Za przyjęciem Ustawy o zmianie niektórych ustaw w celu obniżenia składek na ubezpieczenia społeczne osób fizycznych wykonujących działalność gospodarczą na mniejszą skalę głosowało 426 posłów, jeden wstrzymał się od głosu, nikt nie był przeciw.
"To jest ustawa, która realnie odpowiada na potrzeby przedsiębiorców" - mówiła w piątek w Sejmie minister przedsiębiorczości i technologii Jadwiga Emilewicz. Podkreśliła, że obniża składki przede wszystkim tych, którzy uzyskają najniższe przychody. "Jest powszechna dla wszystkich bez względu na etap rozwoju firmy, wprowadza proporcjonalność obciążeń w zależności od przychodów uzyskiwanych przez przedsiębiorców" - wyliczyła.
Obecnie przedsiębiorcy niezależnie od wielkości przychodu płacą taką samą składkę ZUS. Uchwalona przez Sejm ustawa ma dostosować wysokość obciążeń ponoszonych przez przedsiębiorców z tytułu składek na ubezpieczenia społeczne do ich możliwości finansowych.
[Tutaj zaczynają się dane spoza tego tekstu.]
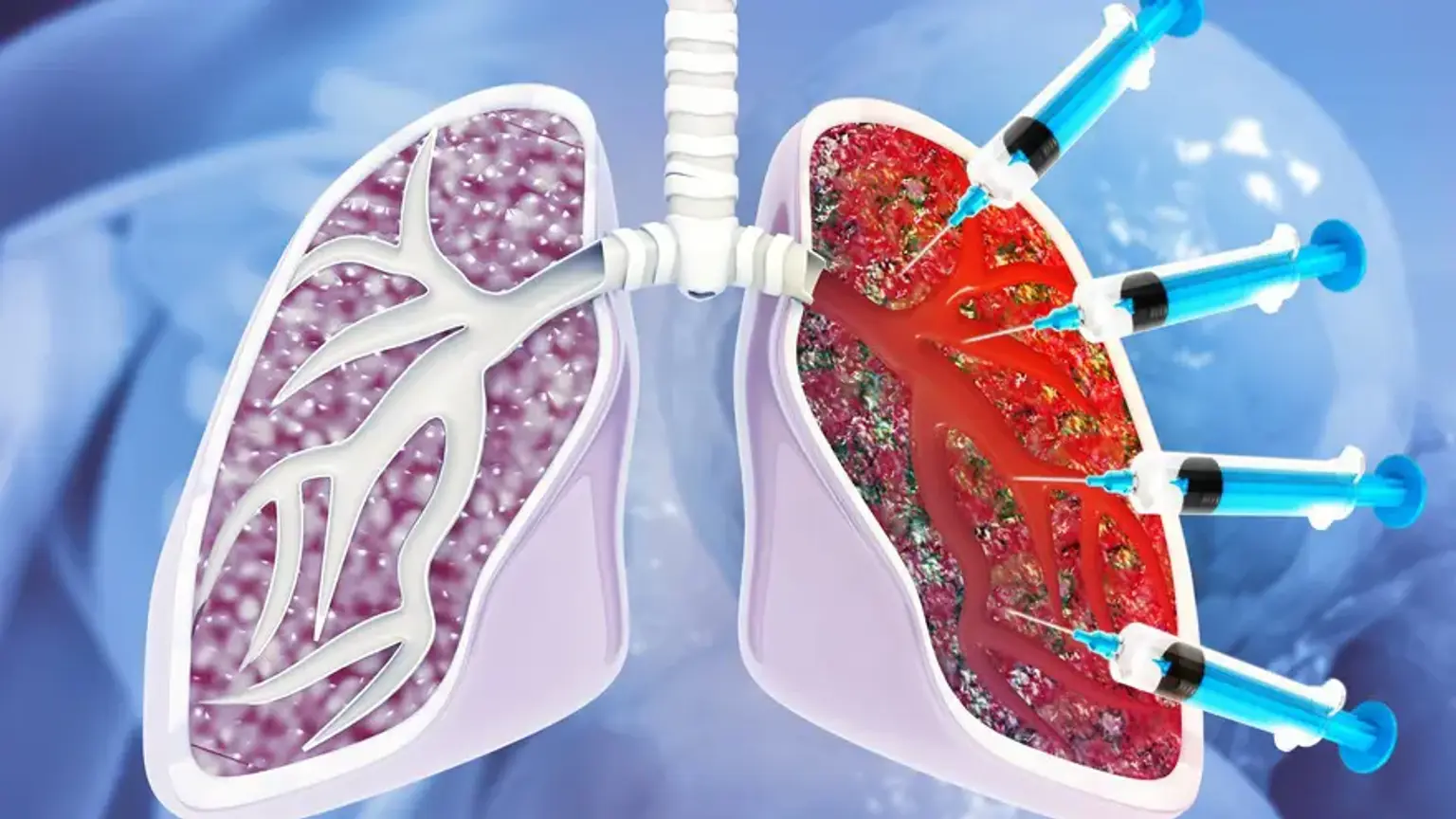 TB Diagnosis and Treatment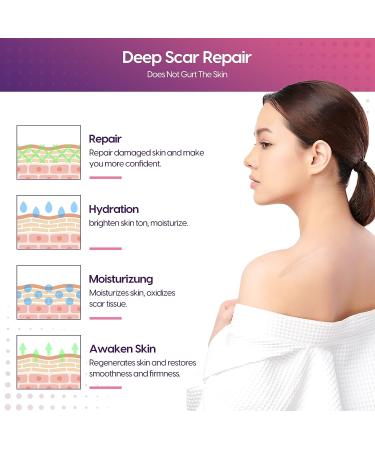 Morfone Silicone Scar Tape - Professional 1.6 x 150 Roll for Effective Scar Removal - C-Section, Surgery, Burn, Keloid, Acne - Waterproof - Buy Online on GoSupps.com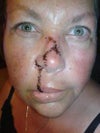 it is from my nose down that is the problem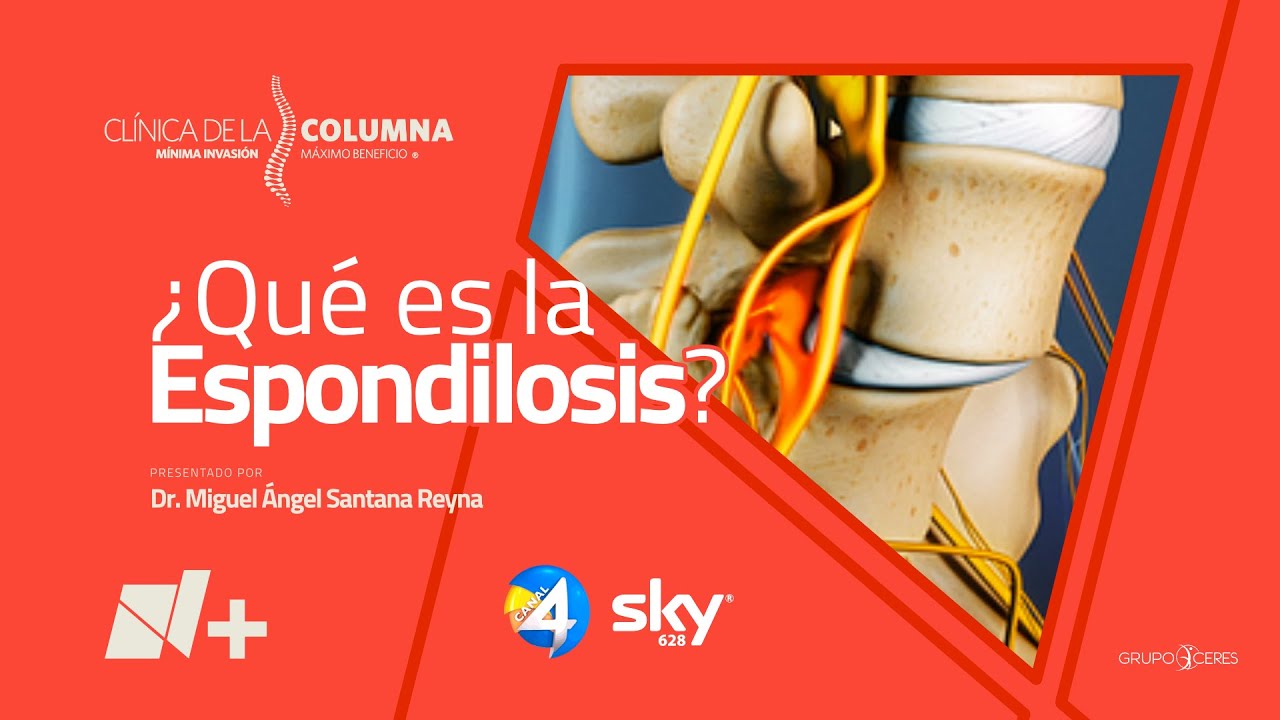 &iquest;Qu&eacute; es la Espondilosis? - Cl&iacute;nica de la Columna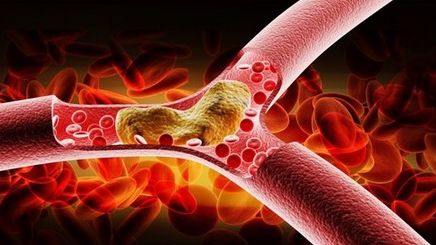 5 lucruri esenţiale pe care ar trebui să le ştii despre colesterol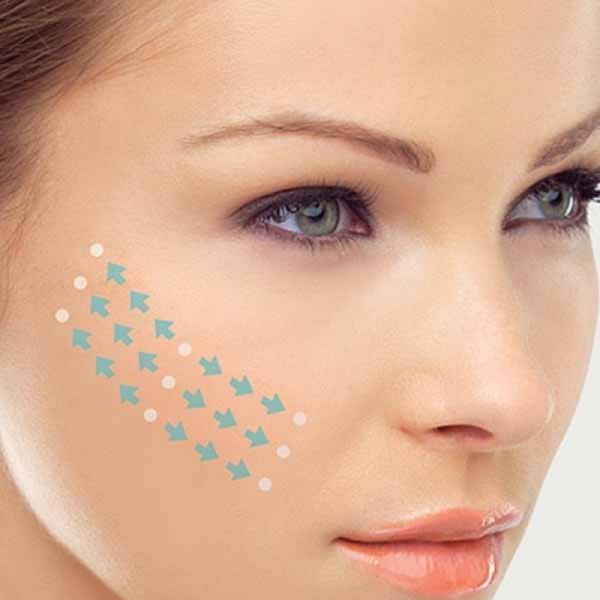 Silhouette Soft Thread Lift Menawarkan Hasil Langsung dan Jangka Panjang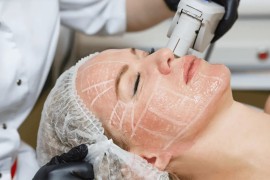 HIFU Machine: The Ultimate Guide to the Revolutionary Non-Surgical Facelift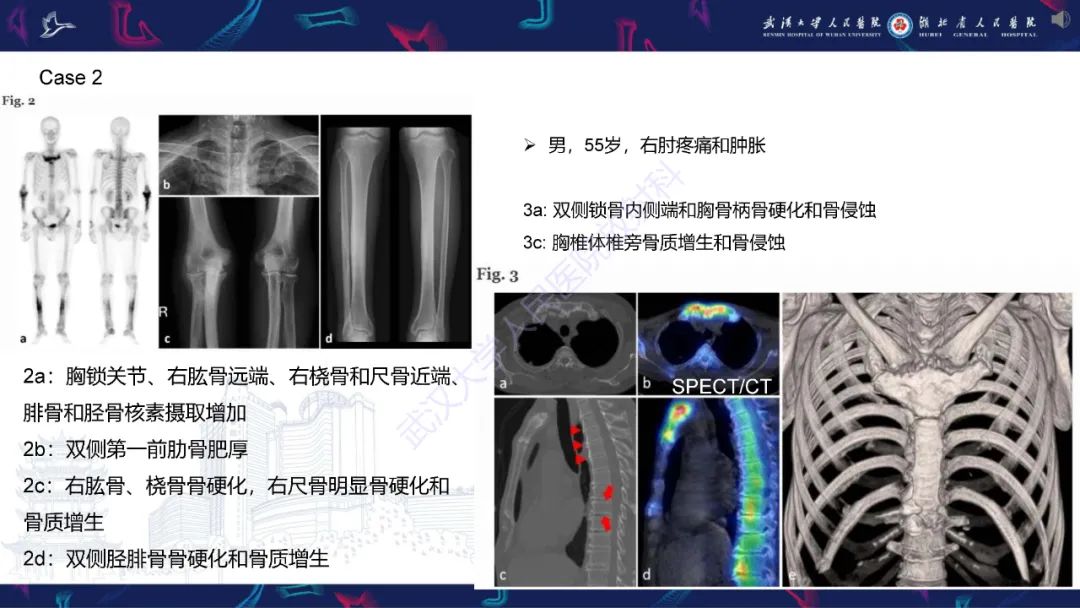 影像PPT - 【PPT】SAPHO综合征影像诊断-15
Intencją wprowadzanej regulacji, jak tłumaczył podczas prac sejmowych wiceszef resortu przedsiębiorczości i technologii Mariusz Haładyj, są także: rozwój przedsiębiorczości, pobudzenie aktywności zawodowej, ograniczenie tzw. szarej strefy oraz poprawa przeżywalności przedsiębiorstw. MPiT, które przygotowało projekt, liczy na to, że nowe przepisy wejdą w życie od 1 stycznia 2019 roku.
"Sprawdziliśmy, że w naszej grupie docelowej, czyli tej, która osiąga przychody roczne nieprzekraczające 63 tys. zł, co 4. przedsiębiorca zamyka działalność w ciągu dwóch lat od jej rozpoczęcia, jednocześnie wypadając z systemu zabezpieczenia społecznego, co daje nam 60 tys. podmiotów rocznie" – mówił Haładyj.
Obecnie przedsiębiorcy niezależnie od wielkości przychodu płacą taką samą składkę ZUS. Dzięki planowanym zmianom osoby prowadzące jednoosobową działalność gospodarczą, których przeciętne miesięczne przychody nie przekraczają 2,5-krotności minimalnego wynagrodzenia (w 2018 r. to 5250 zł), będą mogły płacić obniżone, proporcjonalne do przychodu składki na ubezpieczenie społeczne.
Oszczędności przedsiębiorcy będą zależeć zatem od jego rocznych przychodów.
Mały ZUS ma być systemem komplementarnym do obecnie obowiązujących rozwiązań takich, jak np. ulga na start czy działalność nierejestrowana.
Składki są zaprojektowane tak, jak zaznaczył w niedawnym wywiadzie dla PAP wiceminister Haładyj, że będą odpowiadały obecnie obowiązującemu preferencyjnemu ZUS-owi dla osób rozpoczynających działalność (jest to 200 zł składki na ubezpieczenie społeczne przez dwa lata), a następnie wzrosną one proporcjonalnie - o ok. 16 gr na każdą dodatkową złotówkę przychodu aż do pułapu ok. 850 zł, czyli wysokości obecnego tzw. dużego ZUS-u. W każdym przypadku do kwoty tej należy doliczyć obowiązkowe 319,94 zł na ubezpieczenie zdrowotne. Są to wyliczenia na podstawie wskaźników z 2018 r. Każdego roku będą się one zmieniały, w zależności od wysokości m.in. minimalnego wynagrodzenia - zastrzegł wiceszef MPiT.